No primeiro momento, Kant define o juízo de gosto como sendo estético, que se define pela sensação que temos quando estamos diante de um objeto e denominamos que esse objeto é belo. O belo é a representação de um objeto que causa no sujeito um sentimento de prazer e é universal no sujeito transcendental. Esse sentimento de prazer é também sem interesse e é apenas contemplativo, não existe um interesse em possuir ou desejar um objeto que eu considero belo, caso contrário se confundiria com o sentimento de agradável e de bom, que para Kant são juízos de interesse e sempre provocam no sujeito o sentimento de querer e de vontade. O juízo de gosto é contemplativo e sua complacência ou descomplacência é como o prazer ou desprazer, se a representação de um objeto causa um prazer livre de interesse então pode ser denominado como belo.

Segundo a quantidade, o juízo de gosto é universal e vale para todos. Mesmo sendo uma universalidade de um juízo puramente subjetivo, é livre de qualquer conceito que o determine. É pela comunicabilidade do juízo de gosto que tem seu ponto chave, pois a comunicação vai provocar no sujeito transcendental um estado de ânimo que vai causar um sentimento de prazer.

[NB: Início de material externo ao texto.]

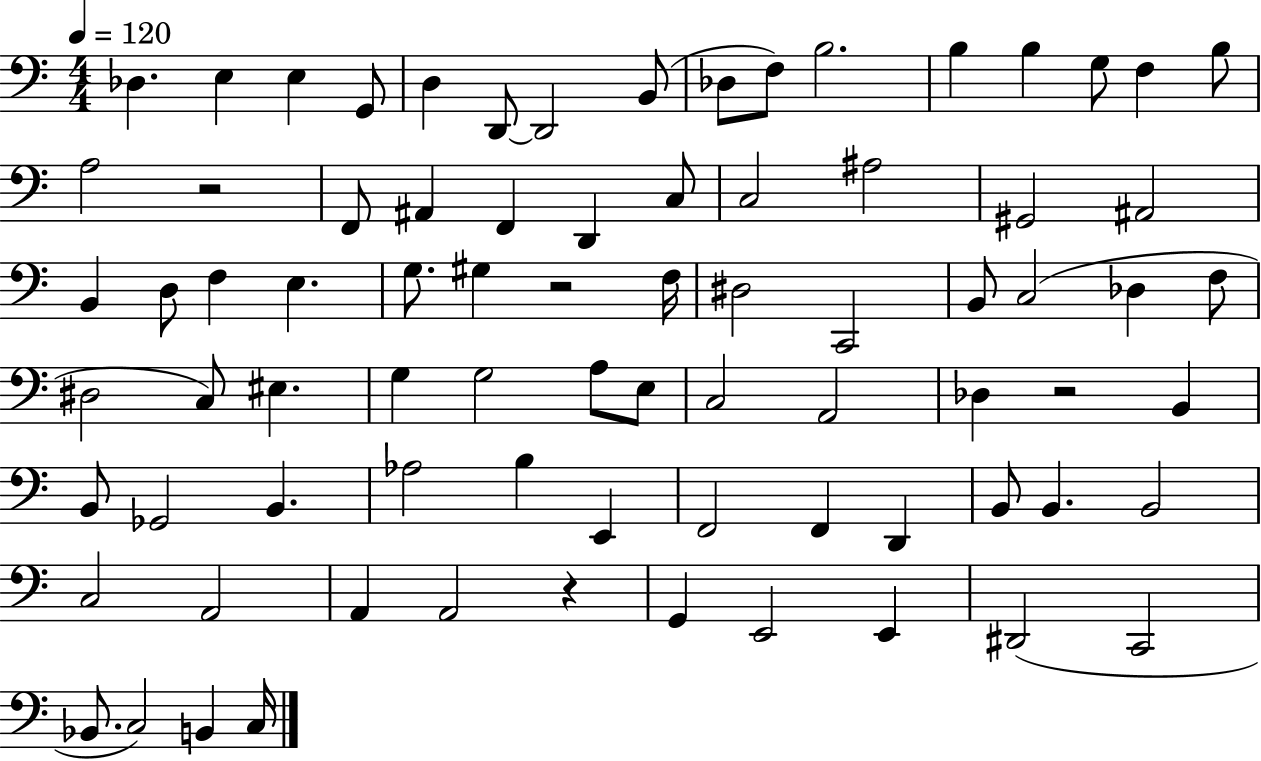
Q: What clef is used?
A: bass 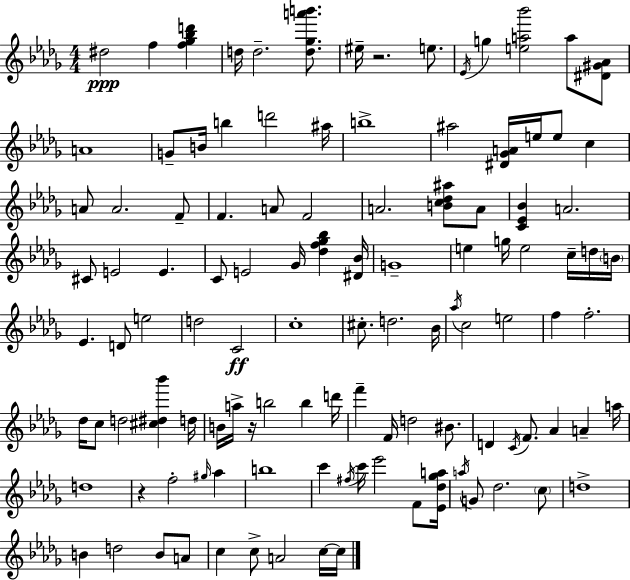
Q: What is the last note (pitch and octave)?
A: C5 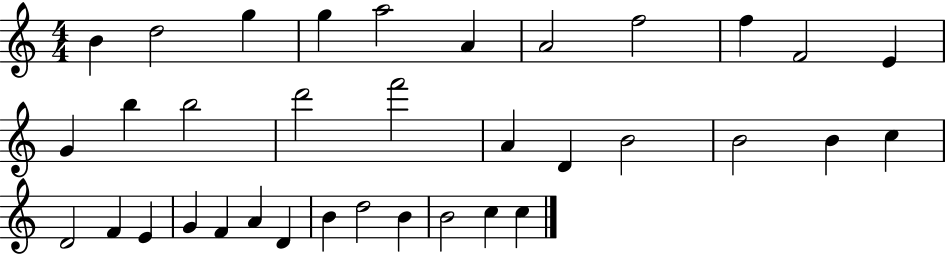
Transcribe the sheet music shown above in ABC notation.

X:1
T:Untitled
M:4/4
L:1/4
K:C
B d2 g g a2 A A2 f2 f F2 E G b b2 d'2 f'2 A D B2 B2 B c D2 F E G F A D B d2 B B2 c c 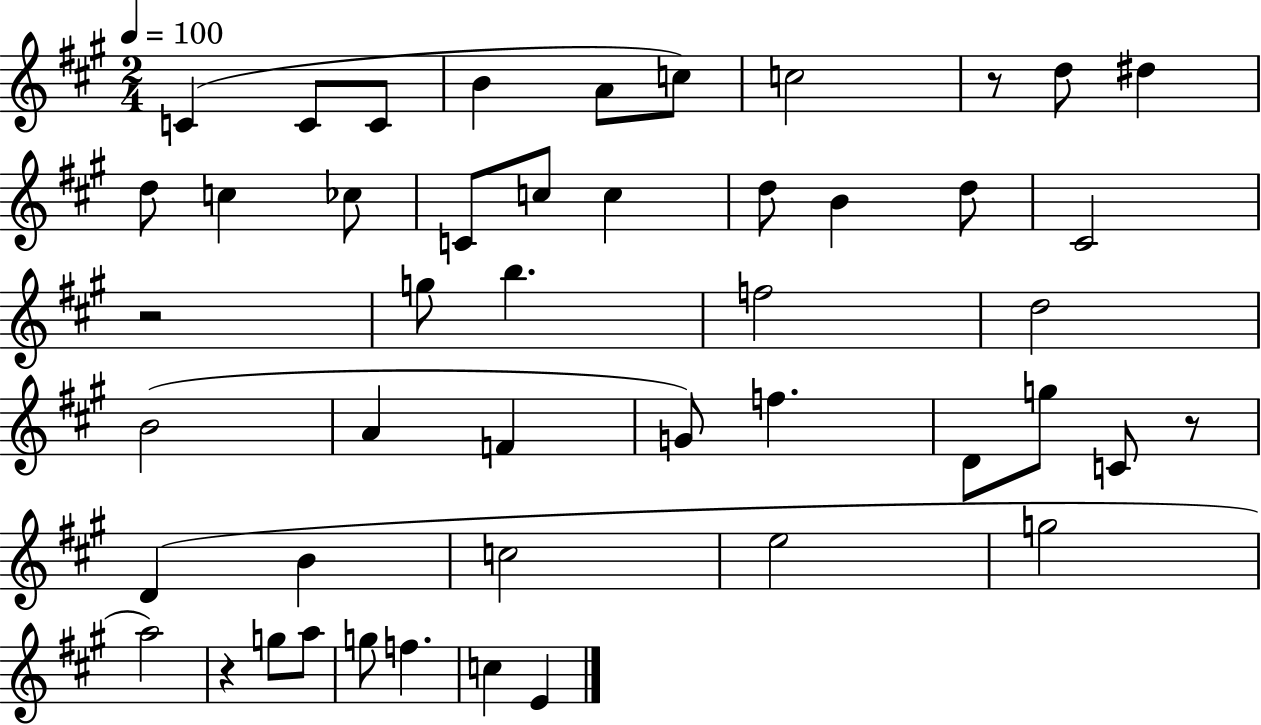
C4/q C4/e C4/e B4/q A4/e C5/e C5/h R/e D5/e D#5/q D5/e C5/q CES5/e C4/e C5/e C5/q D5/e B4/q D5/e C#4/h R/h G5/e B5/q. F5/h D5/h B4/h A4/q F4/q G4/e F5/q. D4/e G5/e C4/e R/e D4/q B4/q C5/h E5/h G5/h A5/h R/q G5/e A5/e G5/e F5/q. C5/q E4/q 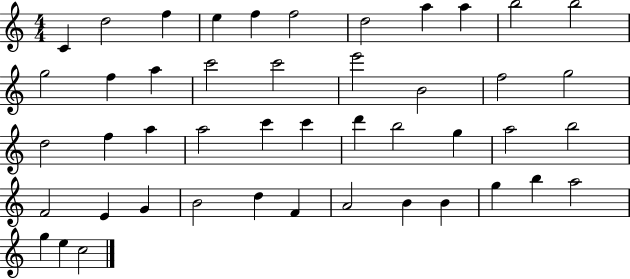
X:1
T:Untitled
M:4/4
L:1/4
K:C
C d2 f e f f2 d2 a a b2 b2 g2 f a c'2 c'2 e'2 B2 f2 g2 d2 f a a2 c' c' d' b2 g a2 b2 F2 E G B2 d F A2 B B g b a2 g e c2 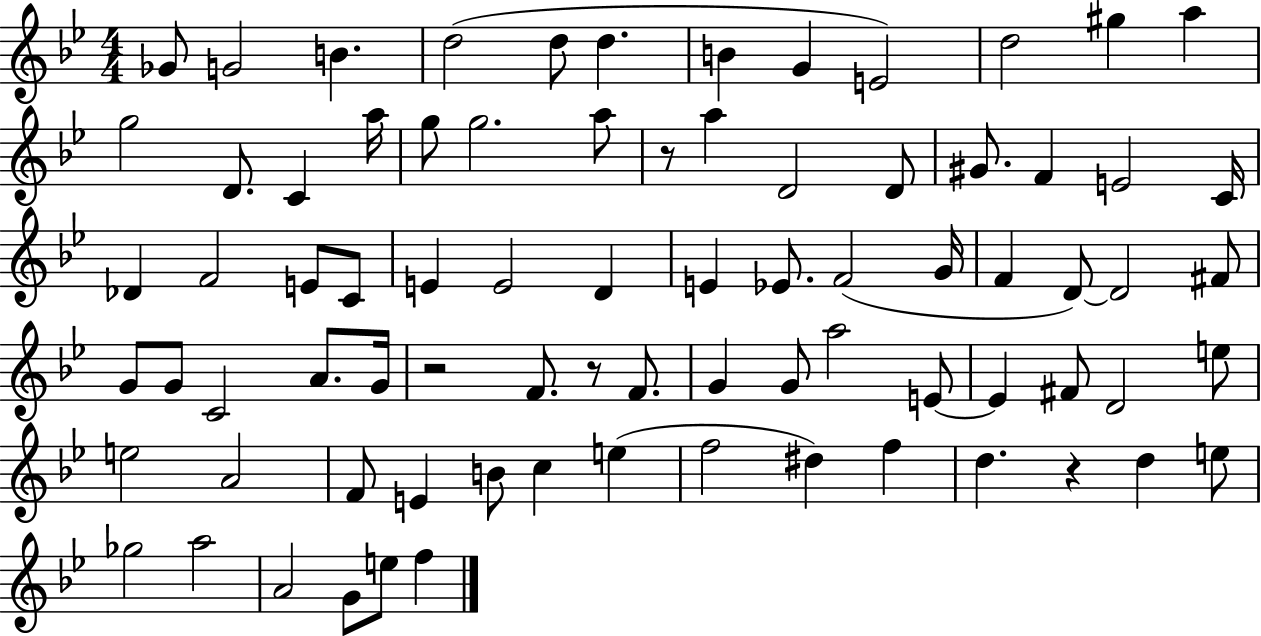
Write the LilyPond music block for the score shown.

{
  \clef treble
  \numericTimeSignature
  \time 4/4
  \key bes \major
  ges'8 g'2 b'4. | d''2( d''8 d''4. | b'4 g'4 e'2) | d''2 gis''4 a''4 | \break g''2 d'8. c'4 a''16 | g''8 g''2. a''8 | r8 a''4 d'2 d'8 | gis'8. f'4 e'2 c'16 | \break des'4 f'2 e'8 c'8 | e'4 e'2 d'4 | e'4 ees'8. f'2( g'16 | f'4 d'8~~) d'2 fis'8 | \break g'8 g'8 c'2 a'8. g'16 | r2 f'8. r8 f'8. | g'4 g'8 a''2 e'8~~ | e'4 fis'8 d'2 e''8 | \break e''2 a'2 | f'8 e'4 b'8 c''4 e''4( | f''2 dis''4) f''4 | d''4. r4 d''4 e''8 | \break ges''2 a''2 | a'2 g'8 e''8 f''4 | \bar "|."
} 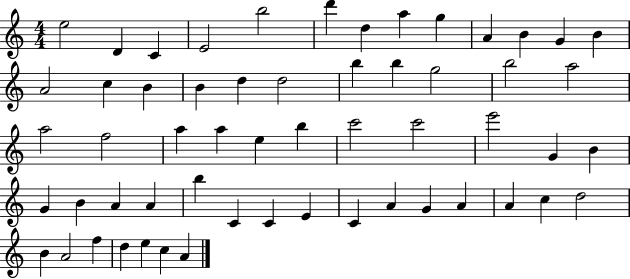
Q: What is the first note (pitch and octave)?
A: E5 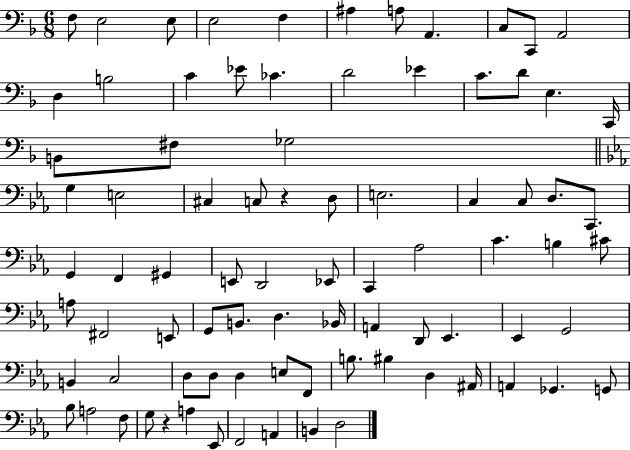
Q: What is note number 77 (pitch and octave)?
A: A3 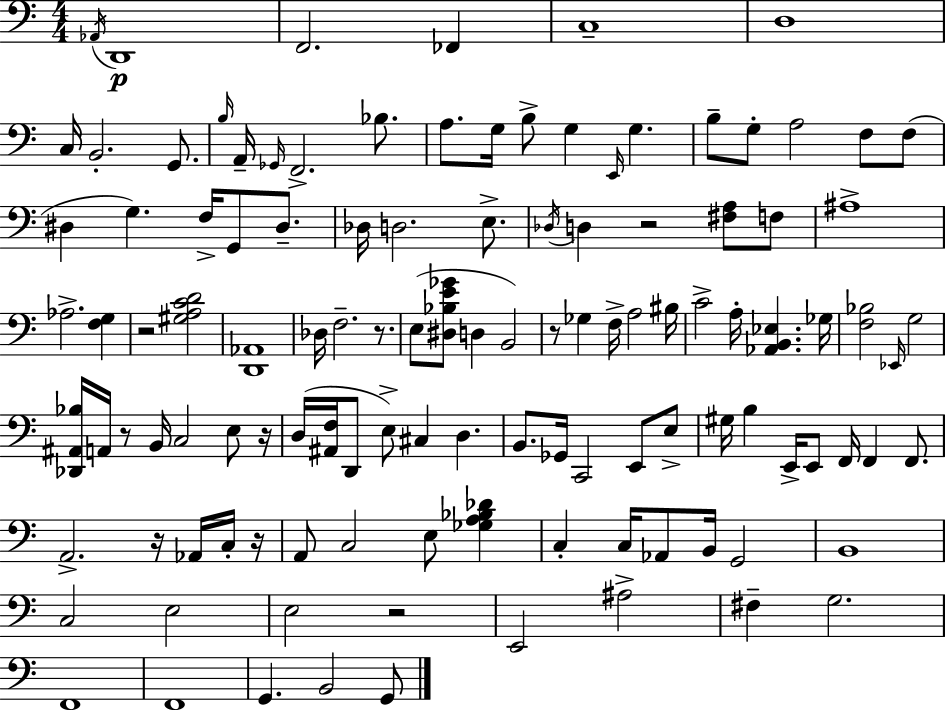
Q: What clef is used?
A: bass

Tal estado de ânimo é o livre jogo do entendimento e da imaginação que caracteriza a faculdade do conhecimento que se põe em movimento com a imaginação e o entendimento em busca de um conceito que o sujeito não vai encontrar, pois não existe conceito no juízo do belo e isso vai causar no sujeito transcendental o estado de ânimo e conseqüentemente seu sentimento de prazer.

Um terceiro momento, segundo relações afins à conformidade é a experiência com o belo sendo uma forma de finalidade sem fim pensada a partir da forma com a qual o objeto é pensado subjetivamente e introduz uma noção de finalidade sem fim determinado porque não é possível explicar ou determinar. Sendo assim, a representação do objeto se põe a priori da sua causalidade e é a causa do prazer no sujeito transcendental.

Outro ponto determinante é que o juízo de gosto sobre o belo é livre de qualquer atrativo ou comoção, ele é formal e é independente da perfeição, pois a perfeição deve ser considerada como uma conformidade objetiva e necessariamente estaria condicionada a um fim determinado, logo aqui seria contraditório. Sobre o ideal de beleza, Kant diz que apenas o ser humano é que pode ser considerado tendo um ideal na sua forma estética e no sentido moral.

No quarto e último momento, segundo a modalidade, o juízo de gosto é necessário, pois todos que subjetivamente analisarem um objeto devem determinar da mesma forma que essa necessidade é subjetiva e feita pelo sujeito transcendental. Ela é condicionada de modo que quem sente vai querer discutir, falar e explicar para outra pessoa esse sentimento. Ele tem um sentido comum que se assimila ao que todos podem ter um mesmo entendimento de um objeto belo, todos podem julgar um mesmo objeto de igual modo a considerá-lo belo.

Conclusão:

A analítica do belo em Kant é a contemplação de um objeto que chega à nossa imaginação e causa um prazer que é livre de qualquer conceito, determinação e qualquer interesse externo a ele, como por exemplo o de possuir o objeto. O belo é considerado universalmente válido para todos e tem sua universalidade subjetiva para qualquer sujeito.